Identifying Intercepts

• x-intercept occurs where a graph crosses the x-axis
• Found by setting y = 0 in the function equation and solving for x
• Represents the roots or zeros of a function
• y-intercept occurs where a graph crosses the y-axis
• Found by setting x = 0 in the function equation and solving for y
• Represents the initial value or starting point of many functions
• Linear function $[f(x)](https://www.fiveableKeyTerm:f(x)) = mx + b$ has y-intercept at (0, b)
• Quadratic function $f(x) = ax^2 + bx + c$ has y-intercept at (0, c)
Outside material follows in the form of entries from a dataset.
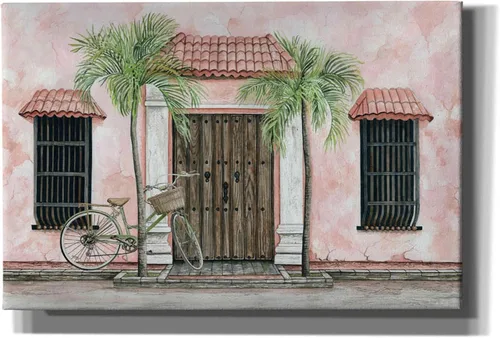 Vista 9 de Epic Graffiti Arte de pared en lienzo Giclée con texto en inglés "Palms And Bike" de Cindy Jacobs, 18 x 12 pulgadas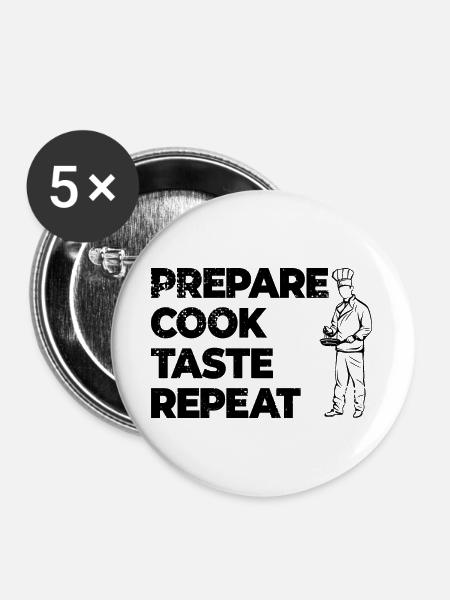 Kochen Motivation - Buttons groß 56 mm (5er Pack) - Weiß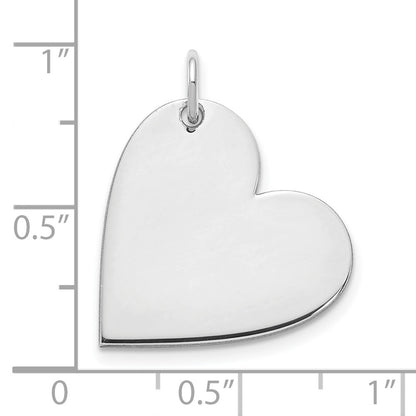 Sterling Silver/Rhodium-plated Blank Heart Charm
Function Types and Behavior

Monotonicity and Constancy

• Increasing function grows larger as x increases
• Formally defined as $f(x_1) < f(x_2)$ for all $x_1 < x_2$ in the domain
• Decreasing function grows smaller as x increases
• Formally defined as $f(x_1) > f(x_2)$ for all $x_1 < x_2$ in the domain
• Constant function maintains the same y-value for all x in its domain
• Expressed as $f(x) = k$, where k is a fixed real number
• Graph of a constant function appears as a horizontal line

Symmetry in Functions

• Even function symmetric about the y-axis
• Satisfies the condition $f(-x) = f(x)$ for all x in the domain
• Graph remains unchanged when reflected over the y-axis
• Odd function symmetric about the origin
• Satisfies the condition $f(-x) = -f(x)$ for all x in the domain
• Graph remains unchanged when rotated 180 degrees around the origin
• Functions can be neither even nor odd (asymmetric)

Analyzing End Behavior

• End behavior describes how a function behaves as x approaches positive or negative infinity
• Expressed using limit notation: $\lim_{x \to \infty} f(x)$ and $\lim_{x \to -\infty} f(x)$
• Polynomial functions' end behavior determined by the leading term's degree and coefficient
• Rational functions' end behavior influenced by the degrees of numerator and denominator
• Exponential functions approach horizontal asymptotes as x approaches infinity in one direction

Function Properties

Exploring Symmetry and Asymptotes

• Symmetry in functions includes point symmetry, line symmetry, and rotational symmetry
• Point symmetry occurs when a graph remains unchanged after a 180-degree rotation (odd functions)
• Line symmetry occurs when a graph remains unchanged after reflection over a line (even functions)
• Asymptote represents a line that a graph approaches but never reaches
• Vertical asymptotes occur where a function is undefined (denominator equals zero in rational functions)
• Horizontal asymptotes describe end behavior as x approaches infinity
• Slant asymptotes appear in rational functions where numerator degree exceeds denominator degree by 1

Analyzing Continuity and Transformations

• Continuity describes a function with no breaks, gaps, or jumps in its graph
• Continuous function can be drawn without lifting the pencil from the paper
• Three conditions for continuity at a point a: f(a) is defined, $\lim_{x \to a} f(x)$ exists, and $\lim_{x \to a} f(x) = f(a)$
• Discontinuities include removable, jump, and infinite discontinuities
• Transformation of functions alters the graph of a parent function
• Vertical shifts move the graph up or down: $f(x) + k$
• Horizontal shifts move the graph left or right: $f(x + h)$
• Vertical stretches or compressions: $af(x)$, where |a| > 1 stretches and 0 < |a| < 1 compresses
• Horizontal stretches or compressions: $f(bx)$, where 0 < |b| < 1 stretches and |b| > 1 compresses
• Reflections over x-axis: $-f(x)$, over y-axis: $f(-x)$